Personal information
- Full name: Steven Lugsden
- Born: 10 July 1976 (age 50) Gateshead, County Durham, England
- Batting: Right-handed
- Bowling: Right-arm fast-medium

Domestic team information
- 1993–1998: Durham
- 1999: Hampshire (squad no. 16)

Career statistics
| Competition | First-class | List A |
| Matches | 15 | 1 |
| Runs scored | 70 | – |
| Batting average | 5.38 | – |
| 100s/50s | –/– | –/– |
| Top score | 16 | – |
| Balls bowled | 2,058 | 48 |
| Wickets | 29 | 1 |
| Bowling average | 45.96 | 55.00 |
| 5 wickets in innings | – | – |
| 10 wickets in match | – | – |
| Best bowling | 3/45 | 1/55 |
| Catches/stumpings | 2– | –/– |
- Source: Cricinfo, 7 December 2009

= Steve Lugsden =

English cricketer

Steven Lugsden (born 10 July 1976) is an English former first-class cricketer who played for Durham and Hampshire.

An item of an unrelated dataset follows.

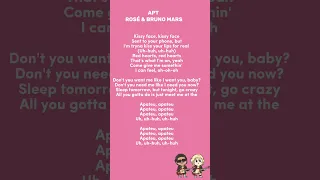 Kissy Face Kissy Face APT Rose Bruno Mars Foryou Lyrics Brunomars Rose Trending Viralvideo 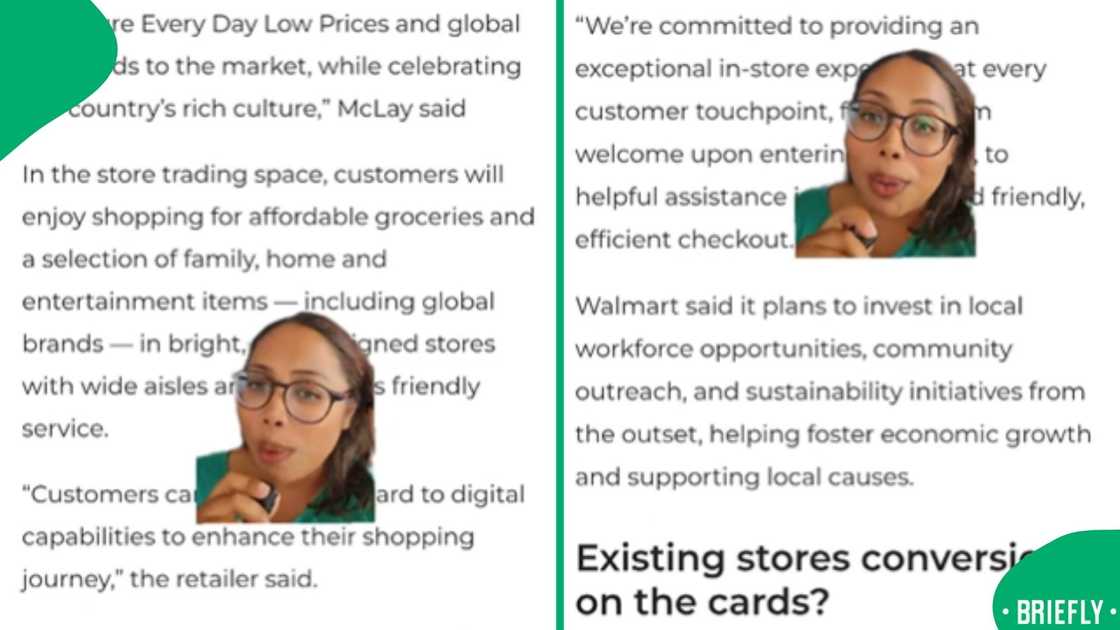 A viral clip of the Walmart announcement left South Africans buzzing about what the global retail chain’s arrival could mean for prices A viral clip of the Walmart announcement left South Africans buzzing about what the global retail chain’s arrival could mean for prices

Lugsden was born at Gateshead in July 1976, and was educated at St Edmund Campion Roman Catholic Secondary. Considered one of the fastest bowlers in England, Lugsden made his debut in first-class cricket for Durham, then in their second season with first-class status, against Derbyshire at Durham in the 1993 County Championship. In 1994, he played for the England under-19 cricket team, playing in the Youth 'Test' series against India Under-19s. During the 1994 season, he also made four appearances for Durham in the County Championship, and played against the touring South Africans. He also made what would be his only appearance in List A one-day cricket, when he played against Leicestershire in the Axa Equity & Law League, with him taking the wicket of Paul Nixon. Lugsden missed the 1995 season with a stress facture to his back, one of a number of injuries throughout the season which saw Durham use 24 players. He resumed playing in 1996, when he made three appearances in County Championship, and in the 1997 County Championship he played just once against Worcestershire. His final season with Durham came in 1998, when he made three County Championship appearances. For Durham, he took 25 first-class wickets at an average of 46.88, with best figures of 3 for 45.

Lugsden was released by Durham at the end of the 1998 season, and was subsequently signed on a one-year contract by Hampshire ahead of the 1999 season. However, he made just two first-class appearances for Hampshire in 1999 against Oxford University and the touring New Zealanders, and was released by Hampshire at the end of that season, alongside Thomas Hansen and Matthew Keech. Returning to the North East of England, Lugsden played club cricket for Gateshead Fell Cricket Club.